## Task requirements
Could you retype every line below exactly, omitting the images?

======== Material provided

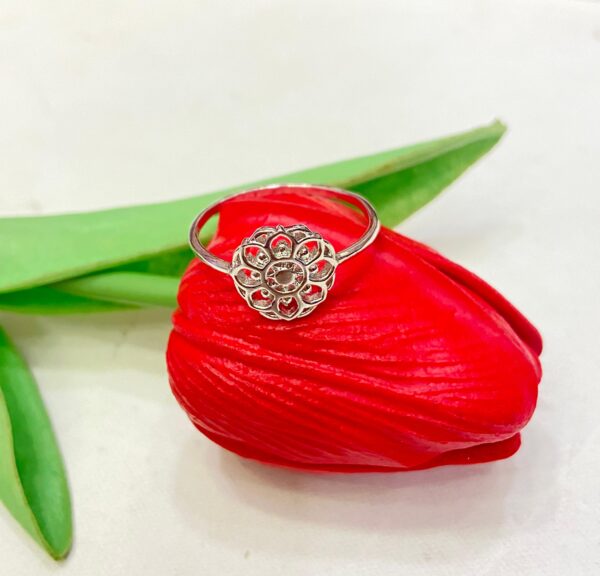 92.5 Silver Beautyful Flower Design Finger Ring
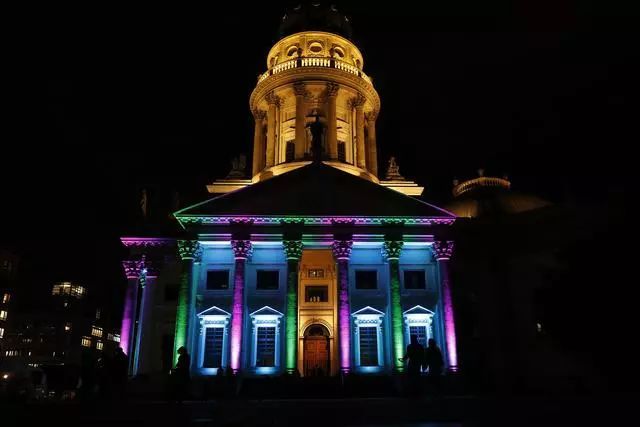 美翻！一年一度光之艺术的圣殿的柏林灯光节绚丽上演！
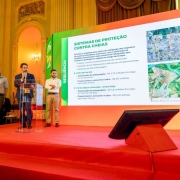 Eduardo Leite e Gabriel Souza assinam contrata&ccedil;&atilde;o para criar Plano Estadual de Prote&ccedil;&atilde;o e Defesa Civil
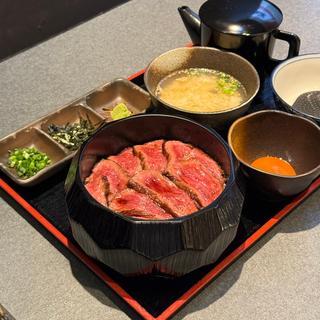 もうもう牛まぶし(卵トッピング）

================

## Task solution
 92.5 Silver Beautyful Flower Design Finger Ring
 美翻！一年一度光之艺术的圣殿的柏林灯光节绚丽上演！
 Eduardo Leite e Gabriel Souza assinam contrata&ccedil;&atilde;o para criar Plano Estadual de Prote&ccedil;&atilde;o e Defesa Civil
 もうもう牛まぶし(卵トッピング）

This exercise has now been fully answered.